There are two types of fractional-order grey models: cumulative grey models and derivative grey models [26]. The fractional-order cumulative grey GM (1,1) forecasting model is constructed on the new information priority principle. It improves the forecasting accuracy of the model by choosing the appropriate cumulative order to flatten the high-growth series. As it can smooth the high-growth series, the model can efficiently improve the prediction accuracy of the model. Gao proposed a new discrete fractional accumulation GM (1,1) (FAGM (1,1,D)) model [27] for numerical prediction. Mao et al. [28] proposed a new fractional grey model (FGM (q,1)), which is an extension of GM (1,1). It can overcome the limitation of the GM (1,1) model analogy test and has wider adaptability. Based on fractional-order calculus, Yang et al. provided a novel definition of the fractional-order grey model [29]. Xie et al. proposed a grey method based on conformal fractional-order derivatives, the continuous conformal fractional-order grey model [30]. Existing research has proven that including fractional calculus in the grey system model can better explain the modeling mechanism of accumulation and operations, hence enhancing the grey system model’s predictive ability [31].

The traditional edge detection algorithm is simple and fast. However, due to the difference between the actual edge greyscale value and the ideal edge greyscale value, which makes the operator may detect multiple edges. At the same time, the detection results are greatly affected by noise, and it is difficult to determine a suitable threshold value, which sometimes cannot accurately determine the existence of edges and locate them. To solve these problems, researchers have used new methods such as wavelet transform, morphology, fuzzy mathematics, and fractional-order calculus for edge detection techniques. The GM (1,1) model overcomes the drawbacks in traditional prediction methods, such as the need for a large number of sample data, the requirement that the data obey certain typical distributions, and the large computational effort. The method requires only a small number of data to build a model of the system and to predict the future behavior of the system based on this model, and the model has good noise immunity, which is superior to traditional prediction methods.

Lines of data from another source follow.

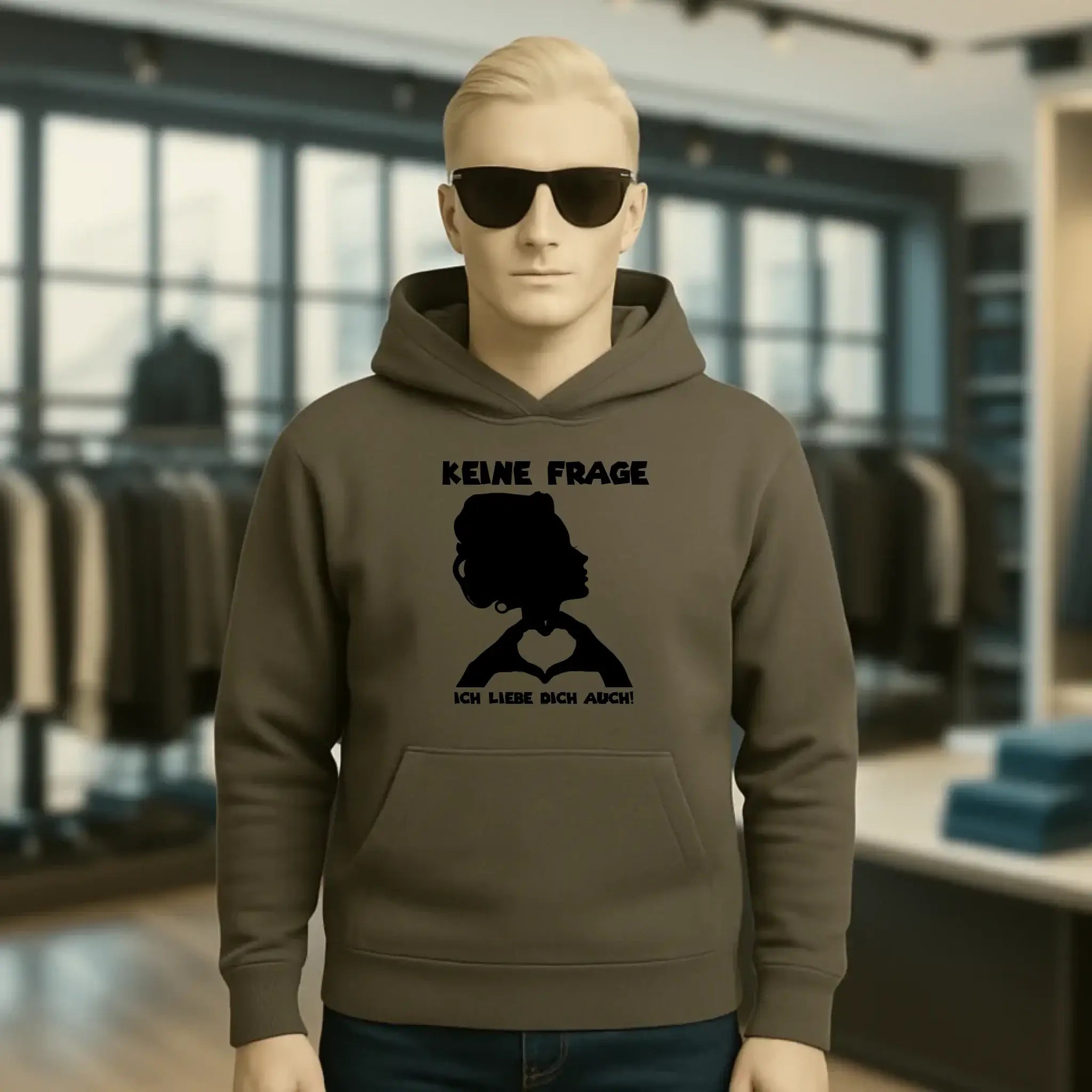 Keine Frage, ich liebe Dich auch! • Frau • personalisierter Text • Unisex Premium Hoodie XS-5XL aus Bio-Baumwolle für Damen & Herren • Exklusivdesign • personalisiert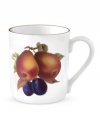 Juicy pears and purple damsons add a sweet taste of summer to this Evesham mug, crafted of pristine porcelain with a lustrous gold rim by Royal Worcester.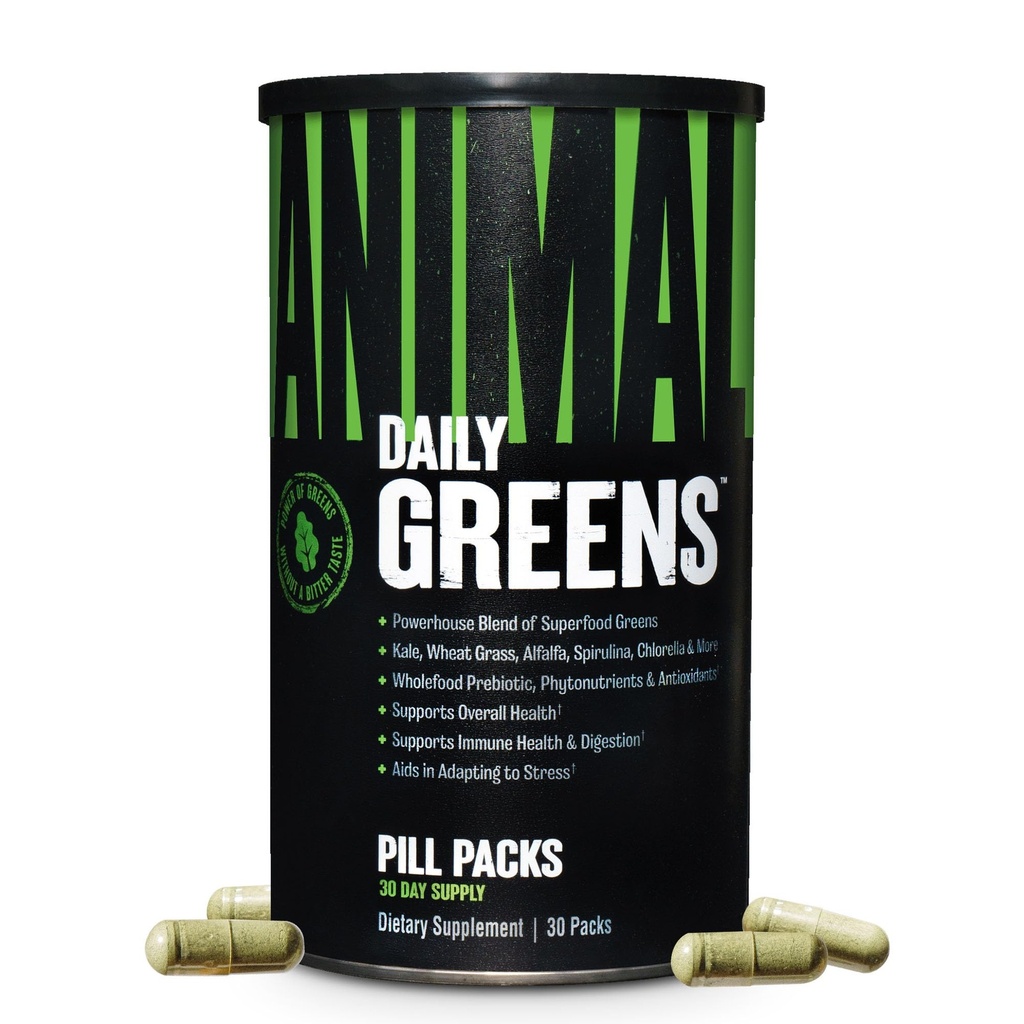 Animal Daily Greens Pill Packs - Kale, Weizengras, Alfalfa & More - Günstig Prebiotic und Probiotic Superfood Blend für Superior Digestion, Gut Health und Immunität für Männer & Frauen - 30 Tage Versorgung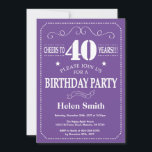 40th Birthday Invitation Purple and White<br><div class="desc">40th Birthday Invitation Purple and White Typography. Purple and White Background. Adult Birthday. Male Men or Women Birthday. Kids Boy or Girl Lady Teen Teenage Bday Invite. 13th 15th 16th 18th 20th 21st 30th 40th 50th 60th 70th 80th 90th 100th. Any Age. For further customisation, please click the "Customise it"...</div>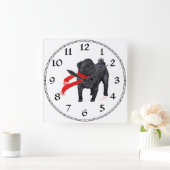 Horloge Carrée Pugs avec Écharpe Rouge (Maison)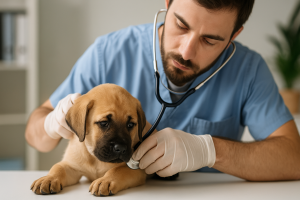 Medico Veterinario examina cachorro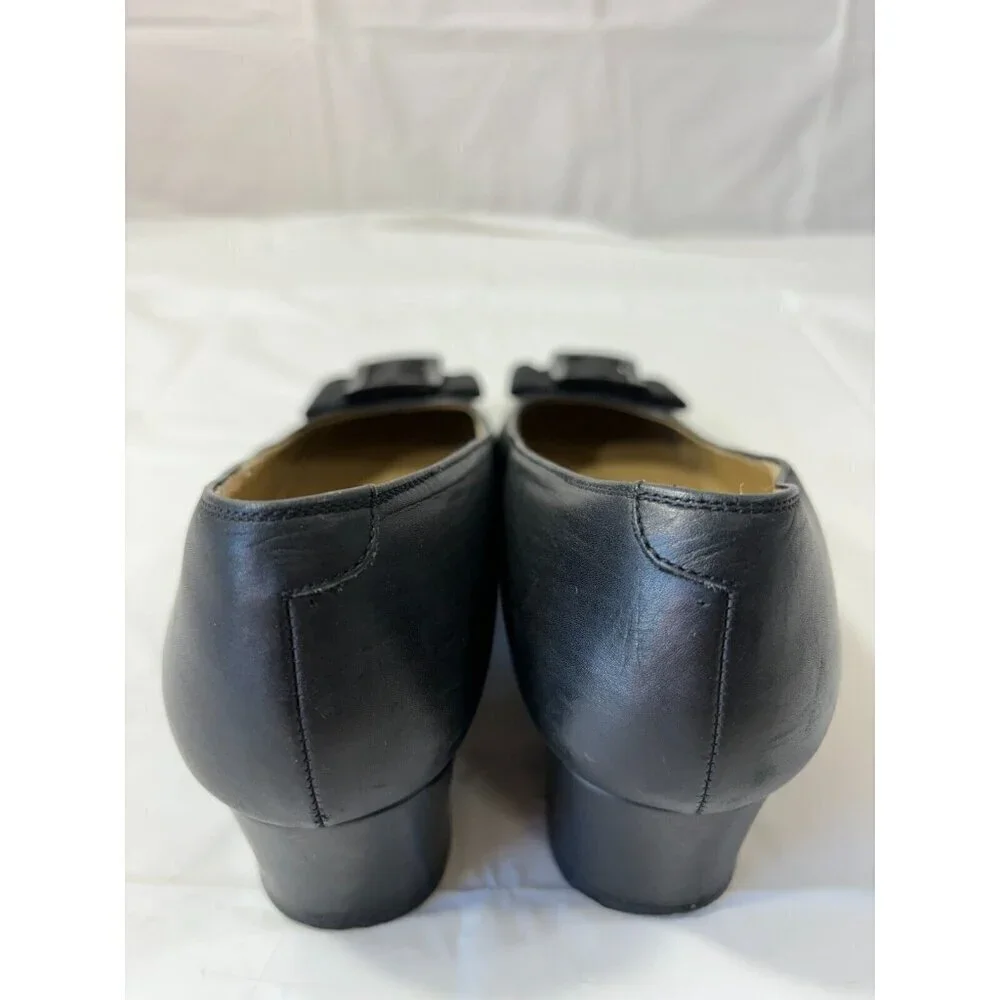 Yves Saint Laurent Black square bow Leather loafer Heels Buckle Size 5.5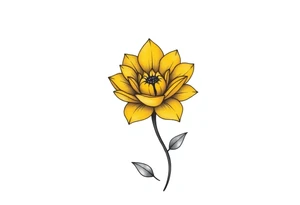 A minimalist flower tattoo that represents a shattered and betrayed gemini woman who fought hard throughout this year. With colors yellow and black. Make it unique and rare. Without leaves and stem. tattoo idea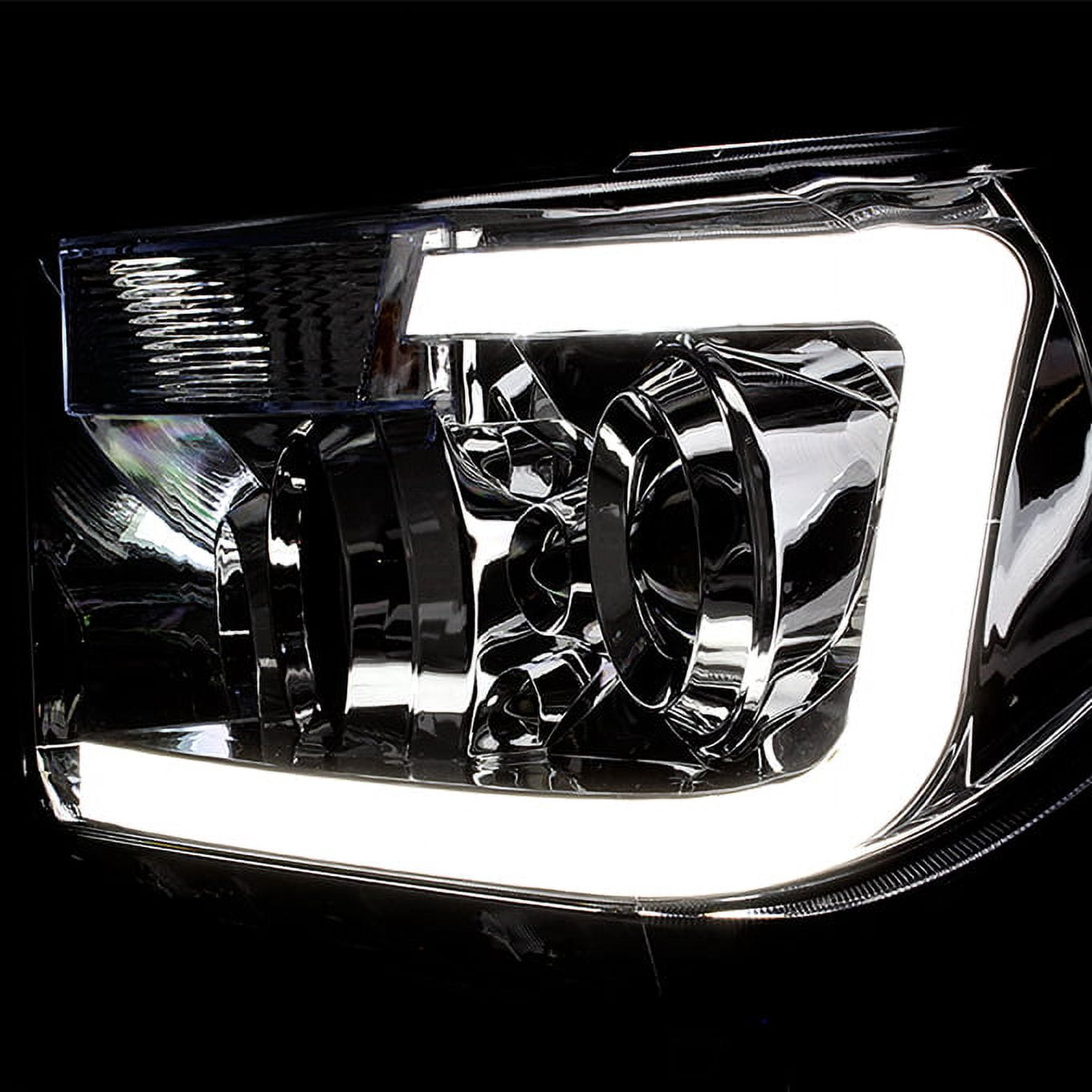 AKKON - For 2007-2013 Toyota Tundra | 2008-2017 Sequoia SMD LED Tube Projector Headlights Replacement Pair Set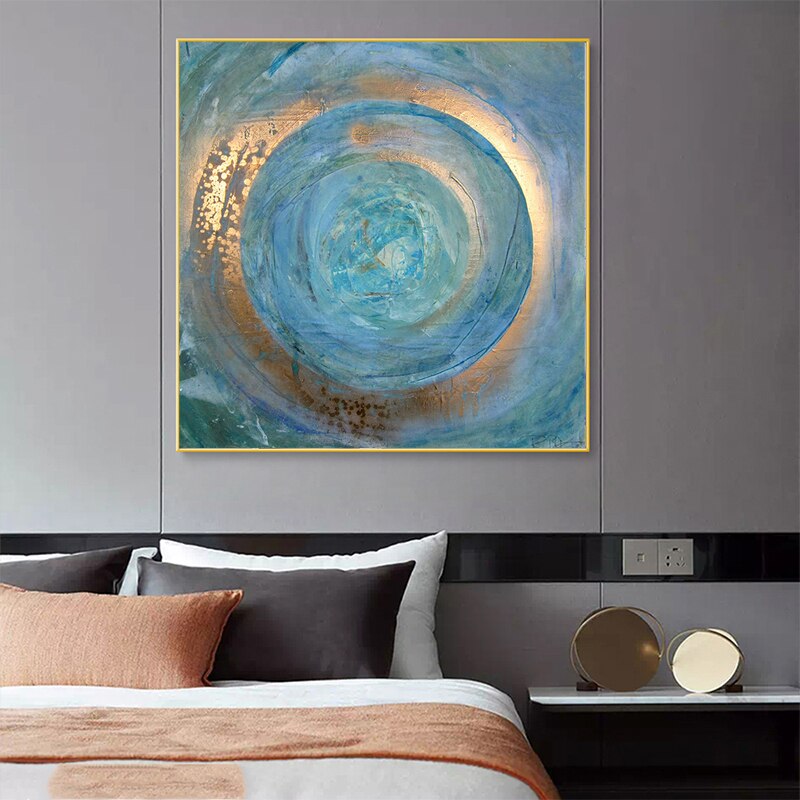 Abstract Turquse Gold Canvas Painting Poster Decoration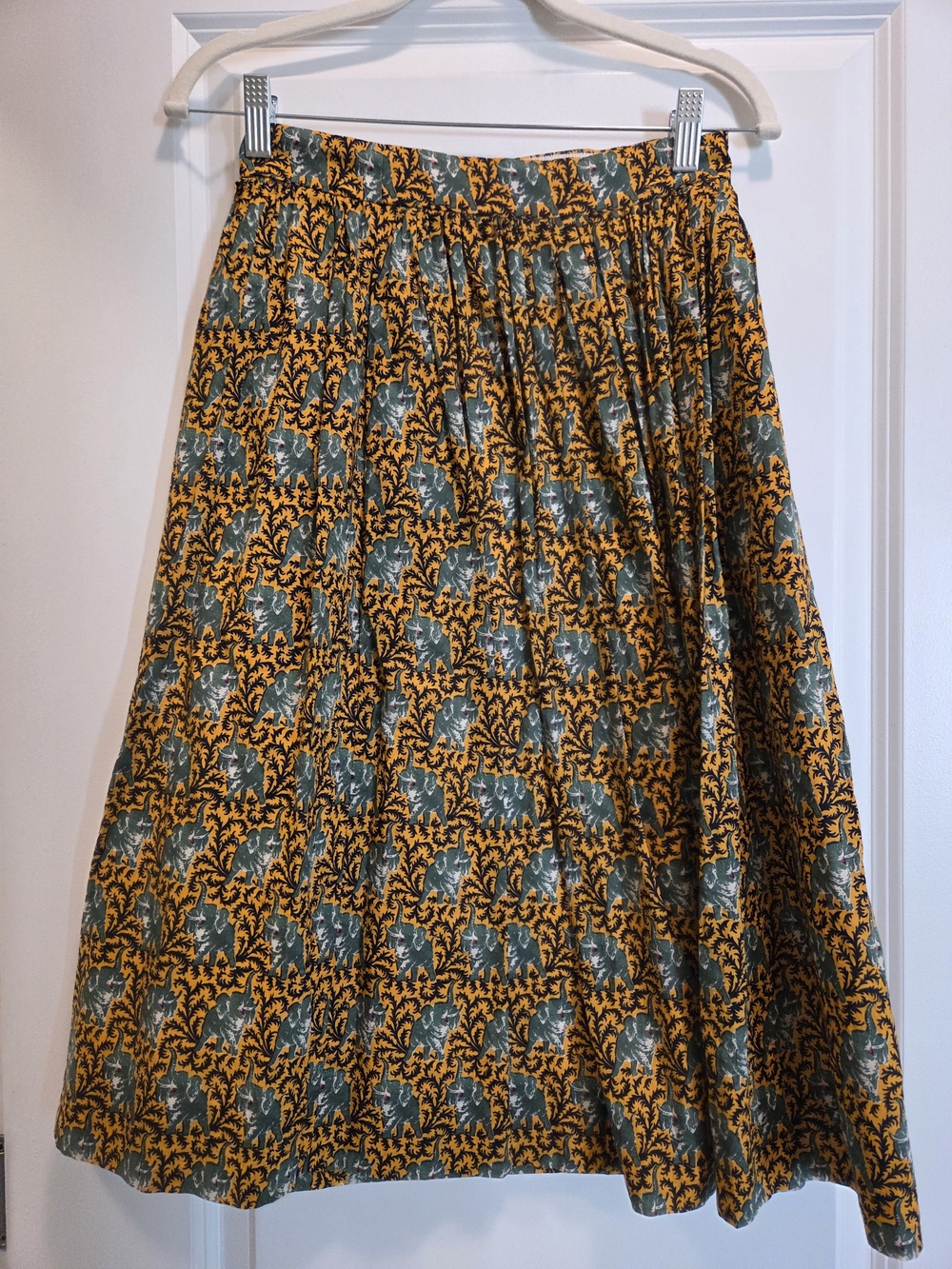 J.Crew Elephant Print Cotton Midi Skirt Size 00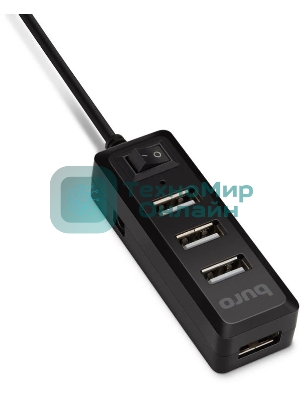 USB-концентратор Buro BU-HUB4-0.5L-U2.0, USB 2.0, USB 4 порта, USB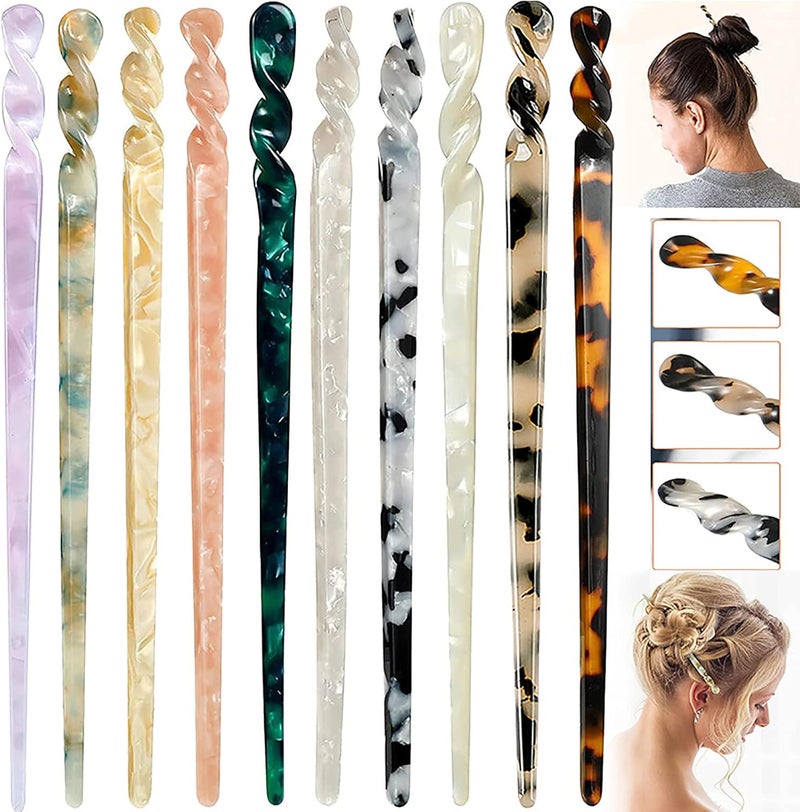 10PCS Acetate Hair Sticks Tortoise Shell Hairpin Chopsticks Leopard Print Vintage Hair Pins Retro Hairpins Disk DIY Hair Clip Fork Hair Styling Accessories for Women Girls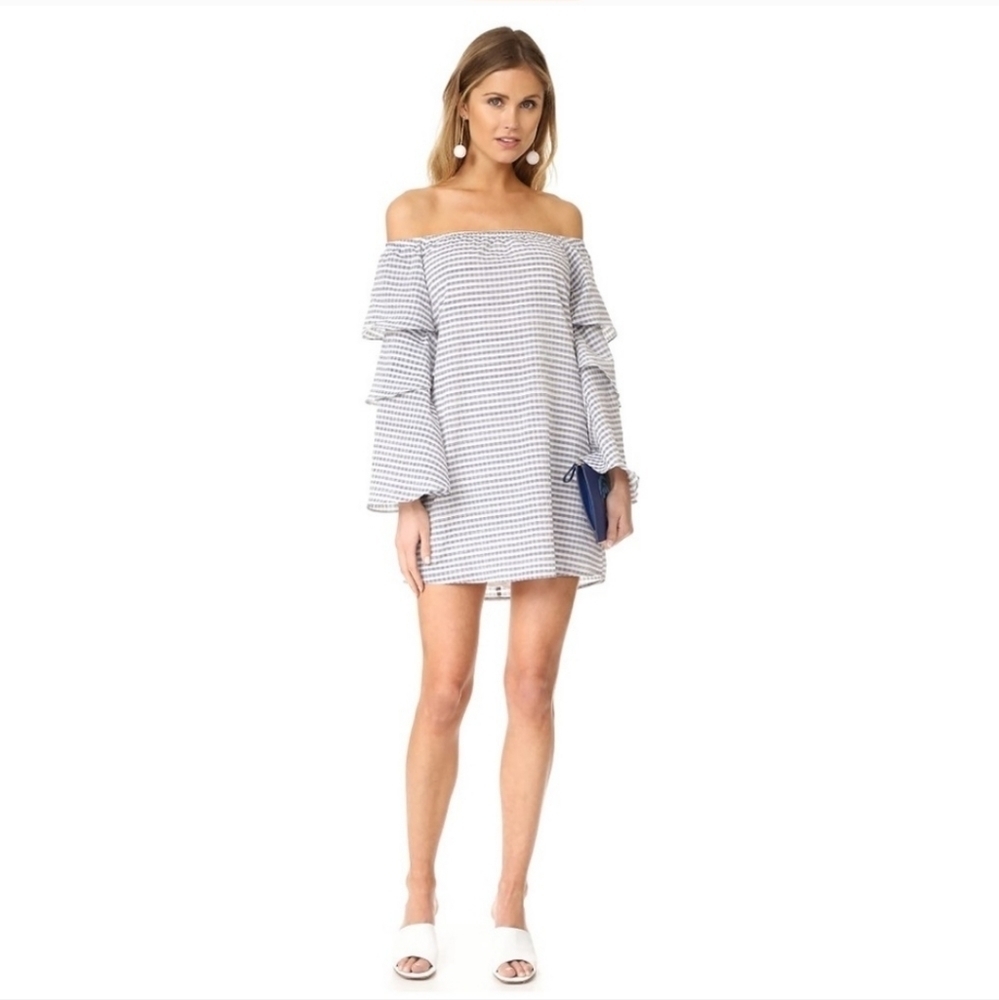 Wayf Brayden Off Shoulder Dress Size XS Navy Gingham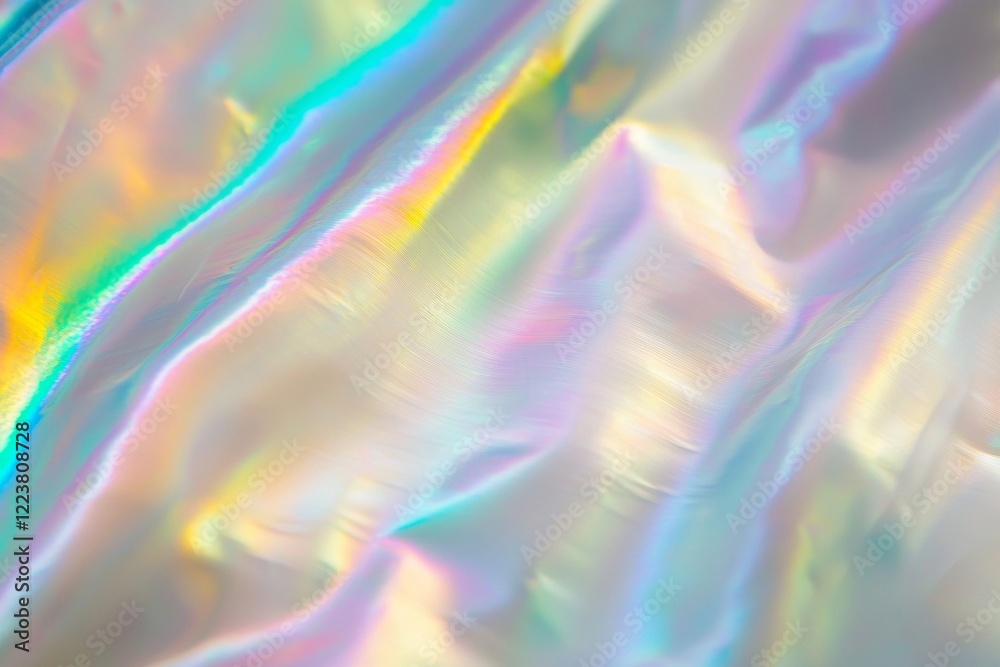 Smooth holographic foil surface reflecting rainbow colors creating an abstract colorful background with vibrant pastel colors and a futuristic, trendy look Smooth holographic foil surface reflecting rainbow colors creating an abstract colorful background with vibrant pastel colors and a futuristic, trendy look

The edge detection of images is an important research area of image analysis, and finding an effective edge detection method with good noise immunity and accurate localization has been the goal of our efforts. In this research, we present a new fractional-order accumulation grey system model and improve the grey prediction model GM (1,1) with fractional-order accumulation. We first preprocess the original image, which enables the original image to be enhanced. Then, the predicted value of the original image is calculated using our model. The preprocessed image is subtracted from the original image to obtain the edge information of the image. The noise points are then eliminated through median filtering. Finally, the Haar wavelet transform is used to decompose the two-dimensional image to separate the low and high frequencies, which is applied to the edge detection of the image to realize a new way of image edge detection. The experimental results show that the image edge detection method using our model can detect more complete edges and has good noise immunity. This indicates that the new model has good potential for application, and its proposal extends the application of the grey prediction model and also provides a new idea and method for the edge detection of images.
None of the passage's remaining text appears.